We rounded up the views of four leading energy commentators to get their predictions of prices for the year ahead to help you plan what to do about your bills. Here they are below:

Andrew Horstead, research manager at Utilyx:

"Wholesale prices have risen over the past 6-9 months but plateaued in April/May and that trend has generally continued since, though gas prices are down 15% since mid-June as demand remains weak and supplies healthy.

"Developments in the eurozone and across the Atlantic in the US in recent weeks look like undermining the economic recovery. If prices continue to drop it is going to be a difficult PR pill for energy firms to swallow if the world moves into a continued economic slowdown.

"Barclays Capital lowered its oil demand forecast this week. Oil hit $104 on Friday, down over 10% on the previous week, and we are seeing a similar response to UK gas and power prices. With the economic outlook looking far from rosy, we would expect commodity prices to remain under pressure.

"A sustained move lower would make it difficult to argue for energy costs to rise for households. If the economists are correct and this trend continues over the next six months then price reductions are the logical consequence."

Mark Todd, director of price comparison site Energyhelpline.com:

"There’s a chance of price drops next year but also rises, it is just too early to tell.

"The only thing we can guarantee this year is that we will see big price rises and over the long term bills will rise. By 2020, bills are likely to be £2,000 a year or more [currently, they're around £1,200]."

Phil Paterson-Fox, from price comparison site Gocompare.com:

"With energy suppliers continuing to invest in cleaner and greener ways to provide gas and electricity, and with wholesale energy costs fluctuating, it's unlikely British consumers will see any significant price reductions during the next 12 months.

"But while energy companies, like all businesses, are affected by things beyond their control that could justify price increases, these should be justifiable and reasonable.

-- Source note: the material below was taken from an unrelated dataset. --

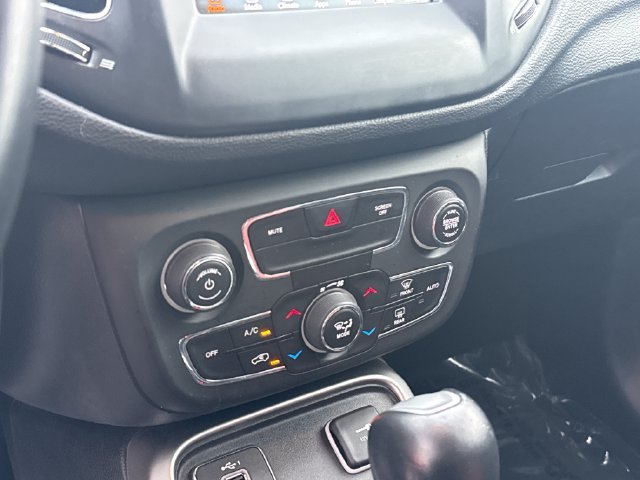 Used 2020 Silver Jeep Latitude image 19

Ofgem, the regulator, needs to investigate whether these price hikes are always fair in order to address the growing concerns of cash-strapped consumers.

"Price increases looks set to continue, so people need to know how they can get the best possible deal on their gas and electricity."

Scott Byrom, from price comparison site Moneysupermarket.com:

"Ultimately, energy prices are going to continue to increase. With greater pressures from government on reducing carbon emissions, suppliers have to acquire energy from costly renewable sources such as wind, and overall, the UK will have to import more gas from the Continent.

"It's inevitable UK consumers will be paying more for their household energy in the future. Looking specifically at the next 12-months, this doesn't change.

"The "cheaper" energy bought by energy suppliers in 2009/2010 is running out and is being replaced with energy that is costing approximately 30% to 40% more. As a result, while it's likely the recent price changes will be enough to see us through the winter, it's possible we may see further price hikes in early 2012 if current market conditions continue.

"Due to the inevitable upward movement of energy prices, consumers can't go wrong with locking in to a fixed tariff to protect themselves against future hikes. Additionally, consumers need to do everything they can to reduce their usage and ensure they are as energy efficient as possible."